GIVEN DATA ->
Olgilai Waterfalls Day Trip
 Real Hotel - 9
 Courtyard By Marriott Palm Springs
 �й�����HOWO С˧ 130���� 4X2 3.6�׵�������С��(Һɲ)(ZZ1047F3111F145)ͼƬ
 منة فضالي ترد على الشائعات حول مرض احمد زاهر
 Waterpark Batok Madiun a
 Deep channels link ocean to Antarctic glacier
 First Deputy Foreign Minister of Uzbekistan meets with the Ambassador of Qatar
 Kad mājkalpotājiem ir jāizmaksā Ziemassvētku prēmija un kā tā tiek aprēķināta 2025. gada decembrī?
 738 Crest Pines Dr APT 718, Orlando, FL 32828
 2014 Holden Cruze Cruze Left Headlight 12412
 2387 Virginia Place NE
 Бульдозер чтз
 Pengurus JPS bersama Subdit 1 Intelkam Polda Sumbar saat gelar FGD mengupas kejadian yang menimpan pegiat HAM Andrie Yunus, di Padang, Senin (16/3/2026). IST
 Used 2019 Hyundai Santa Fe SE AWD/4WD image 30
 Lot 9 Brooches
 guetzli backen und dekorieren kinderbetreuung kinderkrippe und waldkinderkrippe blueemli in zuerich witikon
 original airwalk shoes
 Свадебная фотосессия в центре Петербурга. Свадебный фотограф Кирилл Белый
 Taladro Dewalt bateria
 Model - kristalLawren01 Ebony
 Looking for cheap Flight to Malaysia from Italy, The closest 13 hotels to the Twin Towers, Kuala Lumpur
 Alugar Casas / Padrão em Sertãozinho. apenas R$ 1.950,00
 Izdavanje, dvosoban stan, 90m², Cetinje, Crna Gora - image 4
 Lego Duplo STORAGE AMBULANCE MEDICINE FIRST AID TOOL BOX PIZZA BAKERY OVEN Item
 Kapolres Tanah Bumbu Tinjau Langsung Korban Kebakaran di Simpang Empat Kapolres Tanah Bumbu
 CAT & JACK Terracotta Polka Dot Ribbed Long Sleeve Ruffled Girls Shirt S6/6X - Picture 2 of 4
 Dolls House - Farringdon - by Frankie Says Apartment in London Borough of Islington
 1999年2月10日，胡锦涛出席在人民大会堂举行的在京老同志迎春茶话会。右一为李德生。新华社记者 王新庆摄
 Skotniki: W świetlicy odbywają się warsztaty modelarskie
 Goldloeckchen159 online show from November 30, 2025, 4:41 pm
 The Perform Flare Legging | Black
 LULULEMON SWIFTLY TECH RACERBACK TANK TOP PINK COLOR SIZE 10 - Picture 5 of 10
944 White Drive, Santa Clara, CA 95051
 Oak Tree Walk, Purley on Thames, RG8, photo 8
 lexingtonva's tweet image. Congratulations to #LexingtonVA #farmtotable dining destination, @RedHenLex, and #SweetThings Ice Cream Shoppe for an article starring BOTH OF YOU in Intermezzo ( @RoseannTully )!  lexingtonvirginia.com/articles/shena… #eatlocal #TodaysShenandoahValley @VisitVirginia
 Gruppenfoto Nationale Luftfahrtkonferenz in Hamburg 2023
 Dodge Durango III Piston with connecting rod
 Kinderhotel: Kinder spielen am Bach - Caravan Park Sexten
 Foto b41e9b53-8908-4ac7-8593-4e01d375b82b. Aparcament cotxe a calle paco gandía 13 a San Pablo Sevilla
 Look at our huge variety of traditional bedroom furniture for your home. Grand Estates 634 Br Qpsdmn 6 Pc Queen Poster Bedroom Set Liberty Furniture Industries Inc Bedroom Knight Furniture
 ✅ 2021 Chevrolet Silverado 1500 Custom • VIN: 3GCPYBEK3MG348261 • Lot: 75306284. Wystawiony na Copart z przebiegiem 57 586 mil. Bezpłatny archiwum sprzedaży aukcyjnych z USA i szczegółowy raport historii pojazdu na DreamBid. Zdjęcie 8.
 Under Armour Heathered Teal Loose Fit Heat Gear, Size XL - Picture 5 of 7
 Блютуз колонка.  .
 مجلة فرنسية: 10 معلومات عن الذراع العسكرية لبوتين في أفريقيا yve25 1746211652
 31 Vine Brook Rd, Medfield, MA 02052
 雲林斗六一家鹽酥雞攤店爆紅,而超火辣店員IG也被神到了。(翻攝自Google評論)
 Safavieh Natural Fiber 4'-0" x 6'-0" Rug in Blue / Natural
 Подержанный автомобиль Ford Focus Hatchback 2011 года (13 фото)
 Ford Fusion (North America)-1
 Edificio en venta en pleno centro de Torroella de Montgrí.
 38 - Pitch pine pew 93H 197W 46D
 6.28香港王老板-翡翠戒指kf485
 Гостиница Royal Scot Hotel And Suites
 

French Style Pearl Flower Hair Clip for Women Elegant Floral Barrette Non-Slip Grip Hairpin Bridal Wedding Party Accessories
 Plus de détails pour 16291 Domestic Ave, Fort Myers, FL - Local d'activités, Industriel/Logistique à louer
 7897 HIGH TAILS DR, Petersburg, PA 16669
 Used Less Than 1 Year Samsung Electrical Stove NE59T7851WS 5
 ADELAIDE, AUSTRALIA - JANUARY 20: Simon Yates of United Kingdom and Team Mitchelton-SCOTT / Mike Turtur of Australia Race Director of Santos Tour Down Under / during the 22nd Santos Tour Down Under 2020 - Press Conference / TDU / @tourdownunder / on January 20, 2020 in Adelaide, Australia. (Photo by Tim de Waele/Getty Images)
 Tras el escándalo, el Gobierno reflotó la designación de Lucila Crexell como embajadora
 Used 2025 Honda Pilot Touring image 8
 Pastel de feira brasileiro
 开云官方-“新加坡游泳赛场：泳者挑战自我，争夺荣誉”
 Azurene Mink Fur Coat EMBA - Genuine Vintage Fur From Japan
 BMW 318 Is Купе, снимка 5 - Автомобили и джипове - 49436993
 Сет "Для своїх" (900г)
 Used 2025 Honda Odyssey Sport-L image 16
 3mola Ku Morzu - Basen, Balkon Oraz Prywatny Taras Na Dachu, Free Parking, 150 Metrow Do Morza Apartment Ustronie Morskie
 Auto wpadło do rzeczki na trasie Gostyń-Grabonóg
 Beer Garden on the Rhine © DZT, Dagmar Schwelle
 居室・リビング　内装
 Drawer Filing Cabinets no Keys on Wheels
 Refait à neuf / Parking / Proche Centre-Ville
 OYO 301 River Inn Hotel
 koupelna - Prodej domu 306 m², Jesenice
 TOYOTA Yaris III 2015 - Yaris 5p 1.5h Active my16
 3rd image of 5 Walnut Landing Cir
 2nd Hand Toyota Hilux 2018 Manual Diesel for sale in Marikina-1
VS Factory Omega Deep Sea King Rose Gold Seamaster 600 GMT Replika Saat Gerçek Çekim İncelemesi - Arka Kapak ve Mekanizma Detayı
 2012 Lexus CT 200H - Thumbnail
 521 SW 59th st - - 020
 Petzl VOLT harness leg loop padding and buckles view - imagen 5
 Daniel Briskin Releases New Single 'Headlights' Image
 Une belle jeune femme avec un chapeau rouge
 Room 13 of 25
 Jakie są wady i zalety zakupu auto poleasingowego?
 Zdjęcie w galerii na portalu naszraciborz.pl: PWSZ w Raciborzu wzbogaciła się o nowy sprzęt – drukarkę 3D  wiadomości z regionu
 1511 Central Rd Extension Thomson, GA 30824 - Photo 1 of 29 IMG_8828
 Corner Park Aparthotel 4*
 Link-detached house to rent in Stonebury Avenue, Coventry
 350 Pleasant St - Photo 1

ACTIVITY -> Could you please copy the lines of the listing above exactly, from its first line through the line bearing "Skotniki: W świetlicy", and nothing more?

RESULT FOR THIS EXERCISE ->
Olgilai Waterfalls Day Trip
 Real Hotel - 9
 Courtyard By Marriott Palm Springs
 �й�����HOWO С˧ 130���� 4X2 3.6�׵�������С��(Һɲ)(ZZ1047F3111F145)ͼƬ
 منة فضالي ترد على الشائعات حول مرض احمد زاهر
 Waterpark Batok Madiun a
 Deep channels link ocean to Antarctic glacier
 First Deputy Foreign Minister of Uzbekistan meets with the Ambassador of Qatar
 Kad mājkalpotājiem ir jāizmaksā Ziemassvētku prēmija un kā tā tiek aprēķināta 2025. gada decembrī?
 738 Crest Pines Dr APT 718, Orlando, FL 32828
 2014 Holden Cruze Cruze Left Headlight 12412
 2387 Virginia Place NE
 Бульдозер чтз
 Pengurus JPS bersama Subdit 1 Intelkam Polda Sumbar saat gelar FGD mengupas kejadian yang menimpan pegiat HAM Andrie Yunus, di Padang, Senin (16/3/2026). IST
 Used 2019 Hyundai Santa Fe SE AWD/4WD image 30
 Lot 9 Brooches
 guetzli backen und dekorieren kinderbetreuung kinderkrippe und waldkinderkrippe blueemli in zuerich witikon
 original airwalk shoes
 Свадебная фотосессия в центре Петербурга. Свадебный фотограф Кирилл Белый
 Taladro Dewalt bateria
 Model - kristalLawren01 Ebony
 Looking for cheap Flight to Malaysia from Italy, The closest 13 hotels to the Twin Towers, Kuala Lumpur
 Alugar Casas / Padrão em Sertãozinho. apenas R$ 1.950,00
 Izdavanje, dvosoban stan, 90m², Cetinje, Crna Gora - image 4
 Lego Duplo STORAGE AMBULANCE MEDICINE FIRST AID TOOL BOX PIZZA BAKERY OVEN Item
 Kapolres Tanah Bumbu Tinjau Langsung Korban Kebakaran di Simpang Empat Kapolres Tanah Bumbu
 CAT & JACK Terracotta Polka Dot Ribbed Long Sleeve Ruffled Girls Shirt S6/6X - Picture 2 of 4
 Dolls House - Farringdon - by Frankie Says Apartment in London Borough of Islington
 1999年2月10日，胡锦涛出席在人民大会堂举行的在京老同志迎春茶话会。右一为李德生。新华社记者 王新庆摄
 Skotniki: W świetlicy odbywają się warsztaty modelarskie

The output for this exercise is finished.